Im vergangenen Sommer berichtet sie report München von den Drohungen, die sie bekommen hat: "Verrecken sollst du lieber heute noch als morgen, dich vermisst doch eh keiner."
Damals hat sie noch mit sich gerungen, davon zu erzählen - jetzt spricht sie in Berlin auf einem Podium darüber.
"Ein anderes Mal hatte ich nach einer Sitzung mein Auto komplett mit Kot beschmiert. Das sind Momente, die wünscht man keinem, weil in dem Moment hat man dann auch Angst. Ich wusste nicht was dann letztendlich passiert: Kommt jetzt jemand und schlägt die Windschutzscheibe ein, oder nicht?"
Silvia Kugelmann, Bürgermeisterin Kutzenhausen
Für sie ist nun Schluss. Mit dem Hass fühlte sie sich allein gelassen – nur wenige Bürger hätten sie öffentlich unterstützt. 5 Prozent der Bürgermeister wollen wegen konkreter Bedrohungen nicht mehr antreten – 9 % nennen die Diskussionskultur im Alltag einen der Gründe für den Rückzug.
Freiburgs Oberbürgermeister Martin Horn ist beim Bürgergespräch angekommen. Den direkten Kontakt will er nicht aufgeben, trotz Risiko.

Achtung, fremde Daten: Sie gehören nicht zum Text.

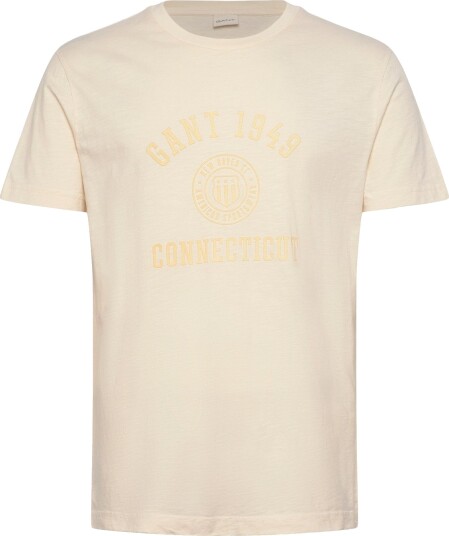 GANT Tonal Print Ss Tshirt Cream XXXL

Hetze und Beleidigungen zeigt er konsequent an – Folgen hat das aber nur selten.
"Am Ende wurden wenige belangt, weil vieles noch im juristisch tragbaren Raum ist, im Rahmen einer politischen Diskussion. Da kann ich nur den Kopf schütteln und sagen: Also vieles ist da überhaupt keine politische Diskussion, das ist eine Verunglimpfung meiner Frau und meiner Kinder und eine klare Bedrohung von mir und meiner Familie."
Martin Horn, Oberbürgermeister Freiburg
Die Bundesregierung hat die Strafen für üble Nachrede kürzlich verschärft. Aber in der Praxis hat sich für Bürgermeister wie Martin Horn bislang nichts geändert.